California Supreme Court Breaks With FLSA on Overtime Due for Flat-Sum Bonuses

March 12, 2018

Reading Time : 3 min

Key Points

  • In Alvarado v. Dart Container Corp. of California, the California Supreme Court held that California law—unlike federal law—requires employers to calculate overtime by treating flat-sum bonuses as if they were earned during only nonovertime hours.
  • Employers who previously used the FLSA method for calculating overtime on such bonuses can limit their liability by making one-time payments to current employees to make up the difference on bonuses already paid.
  • The court’s holding does not apply to bonuses based on productivity, such as production bonuses, piecework bonuses or commissions.

On March 5, 2018, in Alvarado v. Dart Container Corp. of California, the California Supreme Court broke with federal law on the question of “how an employee’s overtime pay rate should be calculated when the employee has earned a flat sum bonus during a single pay period.” Slip op. at 1.

Federal regulations implementing the Fair Labor Standards Act (FLSA) require employers to account for nondiscretionary bonuses when calculating overtime by treating the bonus as if it were earned during each hour of work in the pay period. Thus, the employer calculates the per-hour value of the bonus by dividing the total bonus amount by the total hours worked.
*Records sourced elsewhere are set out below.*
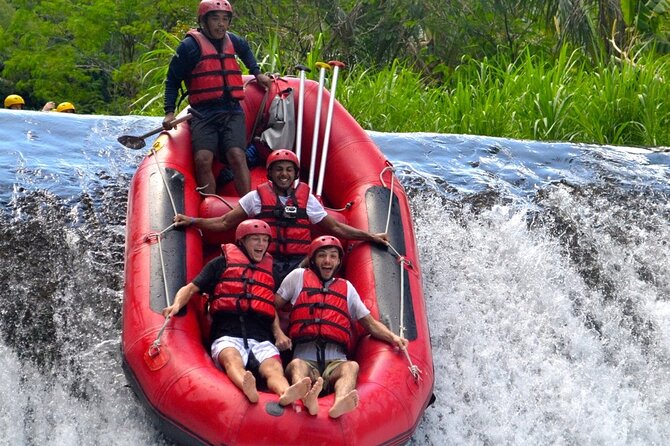 BMW Bali Rafting + Flying Fox at Telaga Waja River (LESS STAIRS) - Getting equipped at the rafting base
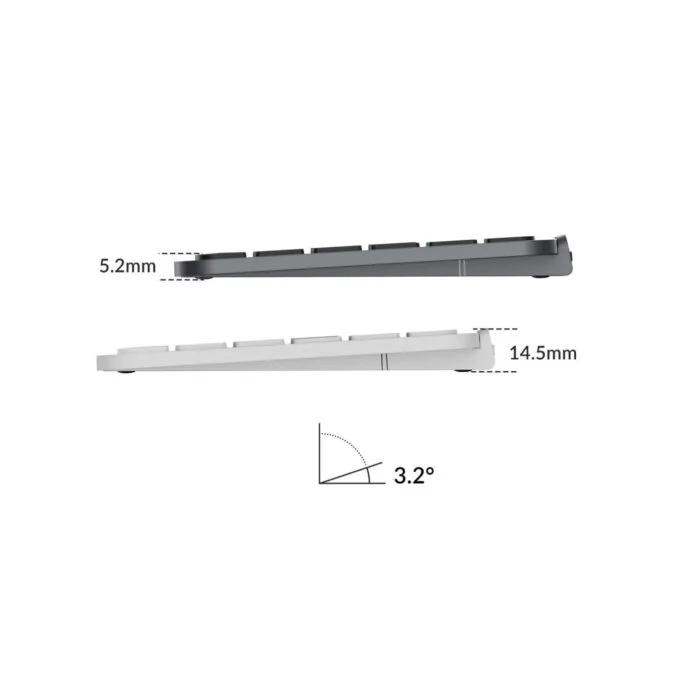 Keychron B6 Pro B6P-K8 Ultraslim Wireless Keyboard ZMK 100% US — image 6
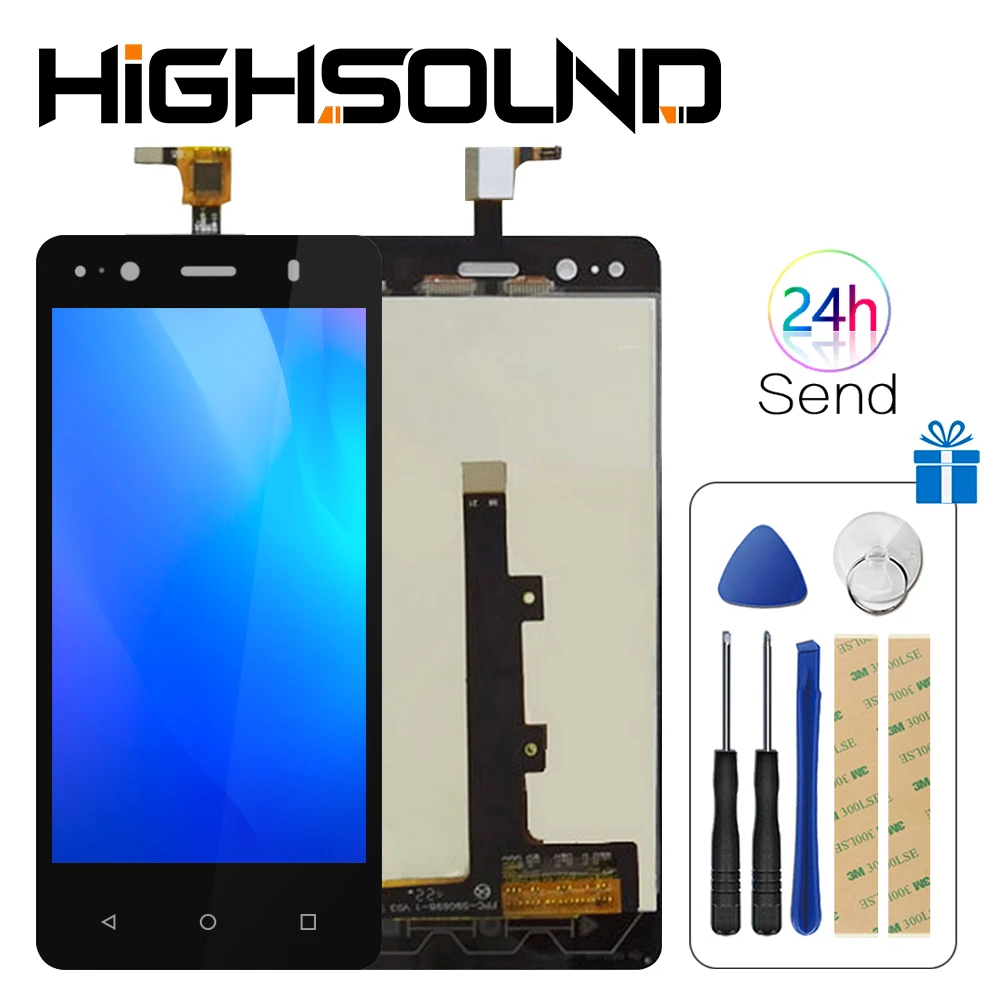 Для BQ Aquaris M4.5 ЖК дисплей + сенсорный экран стеклянная панель дигитайзер сборка для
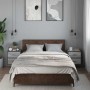 Mesitas de noche de pared 2 unidades gris sonoma 40x31x39,5 cm de , Mesitas de noche - Ref: Foro24-848731, Precio: 82,21 €, D...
Because overtime hours must be compensated at 1.5 times the regular rate of pay, the employee is then due an overtime premium equal to 0.5 times the per-hour value of the bonus, multiplied by the number of hours worked in the pay period.

Conversely, Alvarado held that, under California law, the employer must treat the bonus as if it were earned during only the nonovertime hours in the pay period. In practice, this approach differs from the FLSA approach in two ways. First, when calculating the per-hour value of the bonus, the employer must divide the bonus amount by the nonovertime hours, rather than the total hours worked. Second, the employer must calculate the overtime premium due on the bonus by multiplying its per-hour value by 1.5, rather than 0.5.

The approach adopted in Alvarado is not novel, and, in fact, it tracks the enforcement position taken by the Division of Labor Standards Enforcement (DLSE) since at least 2002. However, California case law regarding the regular rate of pay has traditionally deferred to the federal regulations, so Alvarado represents a notable departure and another potential pitfall for California employers, particularly those with employees both within and outside of the state.

The California and federal methods of calculating overtime on such bonuses are unlikely to yield widely divergent results in practice. Nevertheless, the potential liability for California employers who have, until now, taken the FLSA approach may be significant, given the potential for penalties on derivative claims, like waiting-time penalties under Labor Code Section 203 or civil penalties under the Private Attorneys General Act (PAGA). Employers can reduce some of this risk by making one-time payments to current employees to make up the difference on flat-sum bonuses already paid. In many cases, these payments would be relatively small (particularly if the employees do not work substantial amounts of overtime) and would likely eliminate the potential for much larger waiting-time penalties if litigation were to arise. Such corrective action may also support a reduction in any penalty award if the employer were found liable in a PAGA action.

Finally, employers should be aware that the Alvarado methodology does not appear to apply to all types of nondiscretionary bonuses. Alvarado concerned a flat-sum attendance bonus of $15, which employees earned each time they worked a Saturday shift of any length. The court carefully distinguished between that type of bonus—which is wholly independent of the hours worked—and bonuses based on productivity, like “production or piecework bonus[es]” or “commission[s],” which “increase[s] in rough proportion to the number of hours worked.” Slip op. at 29.

Without deciding the issue, the court indicated that a different method would likely be appropriate for productivity-based bonuses. Notably, the DLSE makes the same distinction between productivity-based and flat-sum bonuses, and it tracks the FLSA regulations for calculating overtime on productivity-based bonuses.